Well today on the west side of the country, it was about 72 and nice.  But rain is on the way


----------



## H2H1 (Mar 25, 2008)

Re: weather up date

THAT real good Scooter just rub it in   we will out there in May and will absorb as much sun we can and bring it back to the east coast.   .So keep the rain send the sun shine our way. :laugh: BTY I like your dogs.


----------



## brodavid (Mar 25, 2008)

Re: weather up date

I can not pick on 730 this morning about how hot it is here, got to 33 last night, had to snuggle to keep warm, my old bones get chilled easy. did not even get to  4x4 today like I would. BUT  friday is supposed to be 78, ok a little picking, if I got to wash his rv, then I will pick the day.


----------



## H2H1 (Mar 25, 2008)

Re: weather up date

Bro Dave if Rod knew how warm it was in your neighborhood he would close up the shop and head your way :laugh: I know you have read how he like to lay in the sun  , you know if he lay in the sun to long and get real dark he wont be able to cast a shadow or which one real or the shadow :laugh:     :approve:


----------



## Guest (Mar 25, 2008)

Re: weather up date

:laugh:  :laugh:  :laugh:  :laugh:  :laugh:  :laugh:     :approve:  :approve:  :approve:  :approve:  :bleh:  :bleh:  :bleh:  :evil:  :blush:


----------



## raskal (Mar 26, 2008)

Re: weather up date

Had to wear socks for the seventh time since last November this morning in FL ... terrible!


----------



## utmtman (Mar 26, 2008)

Re: weather up date

Not really warm here in utah but the snow is all melted and temps are staying in the 50-60 range during the day.


----------



## DARLING (Mar 26, 2008)

Re: weather up date

Weather MAn said that this is the last cold spell but then he said that last week,  the week before, and the week before.
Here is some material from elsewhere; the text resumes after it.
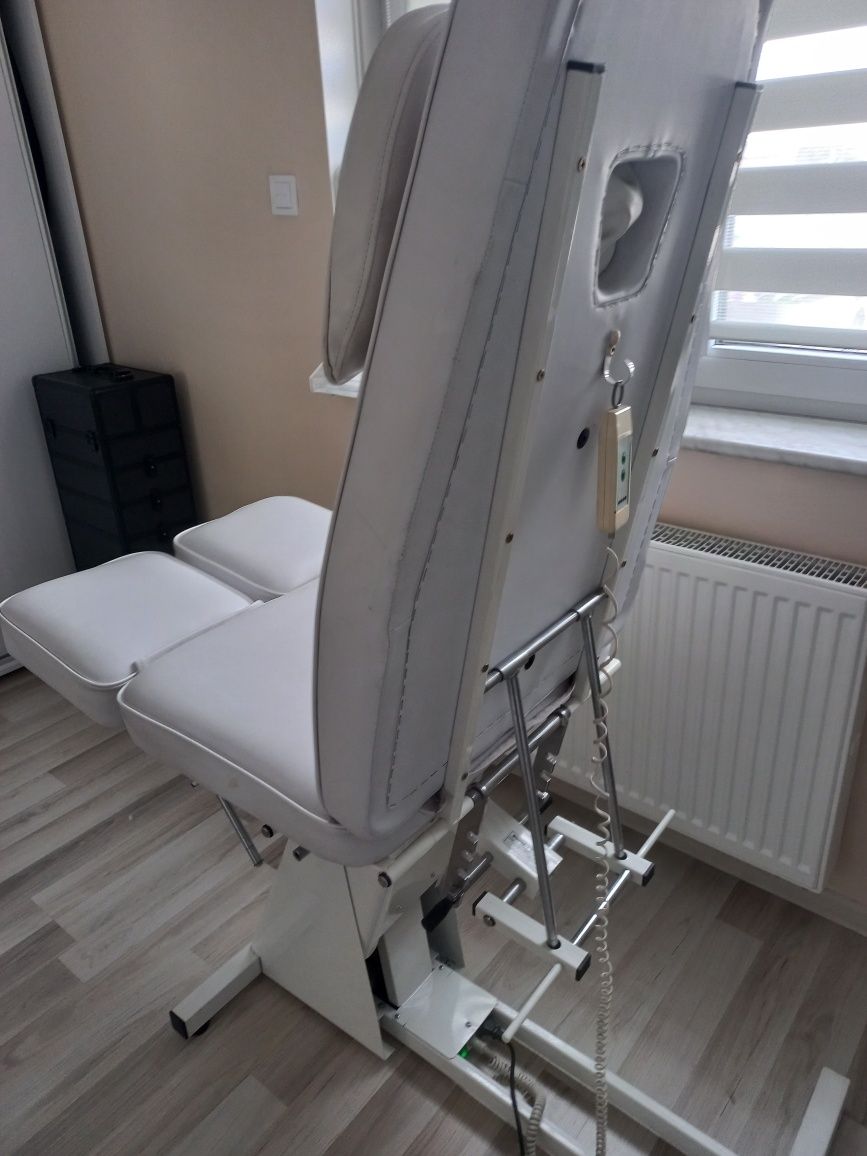 Sprzedam fotel kosmetyczny elektryczny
Tues nite it was 40, last nite it was 48. We are trying to push the warm weather north for you guys, but some how your cold weather keeps  being pushed down here.   :laugh:  :laugh: 

Darlin


----------



## diverdad (Mar 26, 2008)

Re: weather up date

Does anyone have any idea when this whole global warming thing is suppose to kick in.  We are planning our first weekend for the 18th and 19th of April and are hoping the snow is at least gone up here in Wisconsin.   :laugh:   At least we're not the only ones with the snow.  Enjoy.    

Scott


----------



## H2H1 (Mar 27, 2008)

Re: weather up date

hello Scott and welcome to the forum. I hate to rub it in but today is going to be 77 and tonight 54. this weekend we will be in the 80 . I say if you hate the cold and the snow move south, we need the tax $$$$$ :laugh:  :laugh:  :approve: just having a little fun here. Where are you and the family heading out to the 18? enjoy where ever you go.


----------



## diverdad (Mar 27, 2008)

Re: weather up date

Only going about 40 miles away so we aren't able to escape the cold weather.  Well, it will be a good chance to see if the furnace works or not.     Yeh, we are just getting into the whole camping thing so it still should be fun.  As far as moving south, well, we raise quite a few cattle so moving is out of the question.  I do envy hearing about temps in the 70's and 80's though.   I looked on the 15 day forecast and did see one day out on about the 9th of April that said 60.      Of course we all know how reliable a two week forecast is. hehehe

Scott


----------



## H2H1 (Mar 27, 2008)

Re: weather up date

now 60 not bad when you are in 20/30. I was raised on a farm, so I know in an out on moving and having to sell out. But you could as we did. lump sum sell  from house to stock everything went.  good luck on your camping and if you have any more questions don't hesitate to ask the forum, as I know since I have been a member there are some great guys that are very knowledge and will help you out.


----------



## DARLING (Mar 27, 2008)

Re: weather up date

Welcome Scott

AS for the global warmng thing,  I guess Gore has not been to Wisc 0r Minn in the winter :laugh:  :laugh: 

Hollis  
I told you that I was trying to push up the warmer weather for guys.   I guess Eating my spinach last nite helped.

Darlin


----------



## H2H1 (Mar 27, 2008)

Re: weather up date

well Darling you must have had a whole can, it was 77 today, but you also sending some rain this weekend my at home work day  , that ok we will get by, because it the grand daughter 3rd birthday and having a big party :laugh:  :laugh:  :laugh:


----------



## utmtman (Mar 28, 2008)

Re: weather up date

Well its supposed to be cloudy today and a bit rainy with snow flurries this weekend.


----------



## DARLING (Mar 28, 2008)

Re: weather up date

I did not say anything about rain, only warmer weather.

Darlin


----------



## DL Rupper (Mar 28, 2008)

Re: weather up date

Raining and cold (30's) in Dayton, Oh.  Unfortunately I'll be here 2 weeks waiting on truck body work


----------



## DARLING (Mar 28, 2008)

Re: weather up date

DL
Is the Ins co treating you right for damage to your truck?

Darlin


----------



## krautdog (Mar 31, 2008)

Re: weather up date

We actually hit 50 degrees here in Cleveland yesterday, took a trip to visit out camper-can't wait for opening day. I also had a chance to catch up on some LONG overdue yard work now that all of the snow has finally melted.

Cheers!


----------



## utmtman (Mar 31, 2008)

Re: weather up date

Got snow and ice over night last night.  Cold today and its now 36.


----------